## Required action
Reproduce the following data exactly, minus any images.

## Dataset content

━━━━━━━━━━

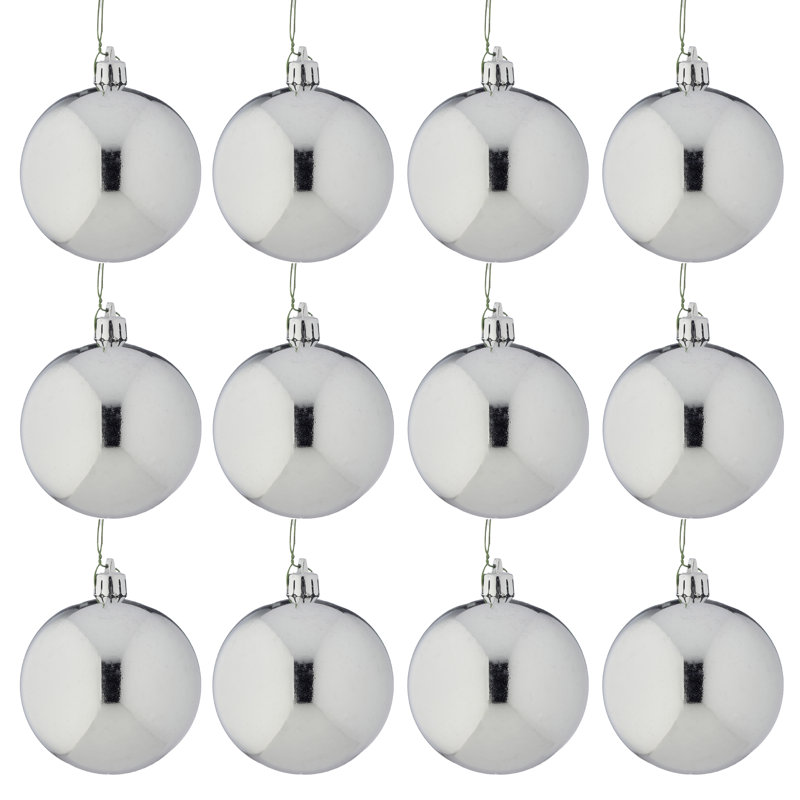Ornement boule en plastique brillant incassable de 80 mm , Argent argent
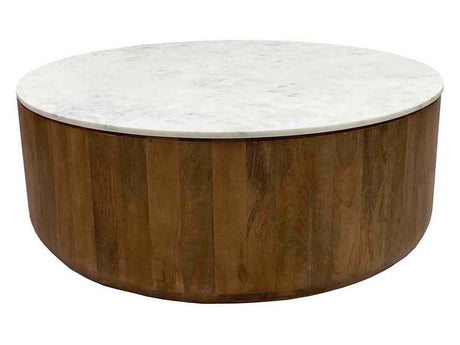 Josie Pottery Brown/Marble Round Coffee Table by Classic Home at Eve Furniture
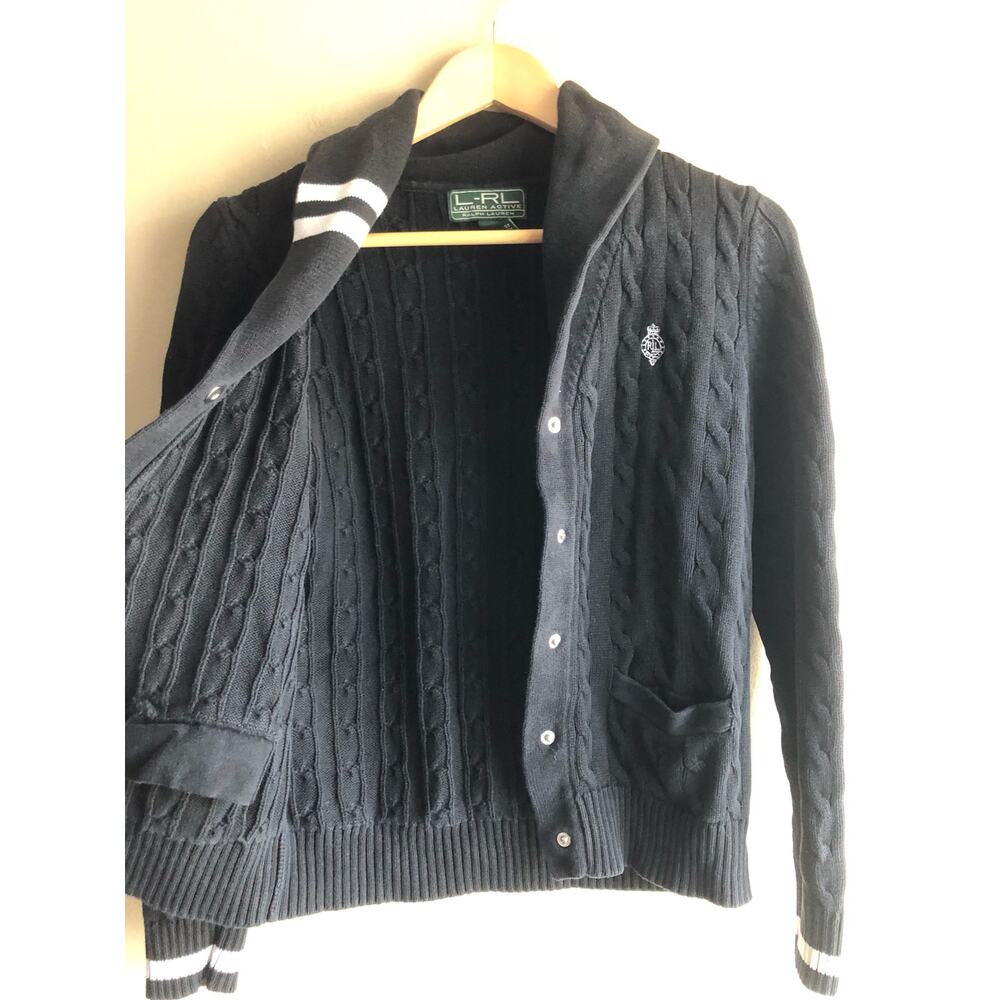 Lauren Ralph Lauren Womens Snap Button Sweater Black Size S/P - Picture 5 of 10
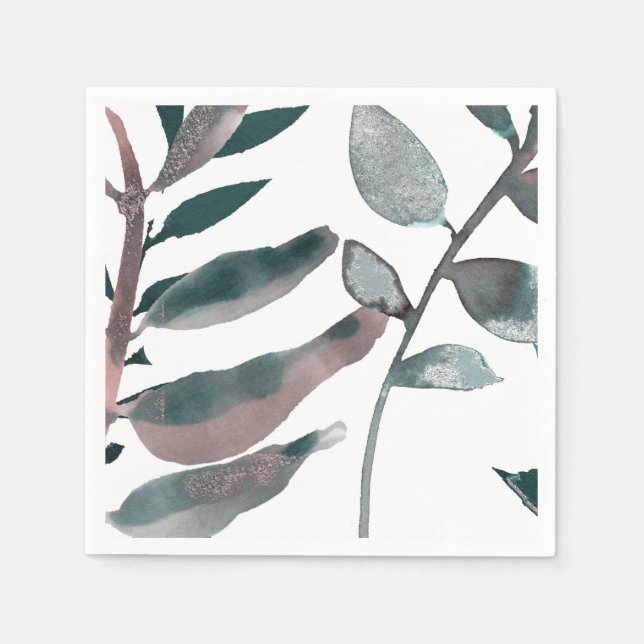 Guardanapo De Papel Folhas Botânicas de Verde Vegetal Rústico com Tom  (Frente)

━━━━━━━━━━

## Exercise response
Ornement boule en plastique brillant incassable de 80 mm , Argent argent
 Josie Pottery Brown/Marble Round Coffee Table by Classic Home at Eve Furniture
 Lauren Ralph Lauren Womens Snap Button Sweater Black Size S/P - Picture 5 of 10
 Guardanapo De Papel Folhas Botânicas de Verde Vegetal Rústico com Tom  (Frente)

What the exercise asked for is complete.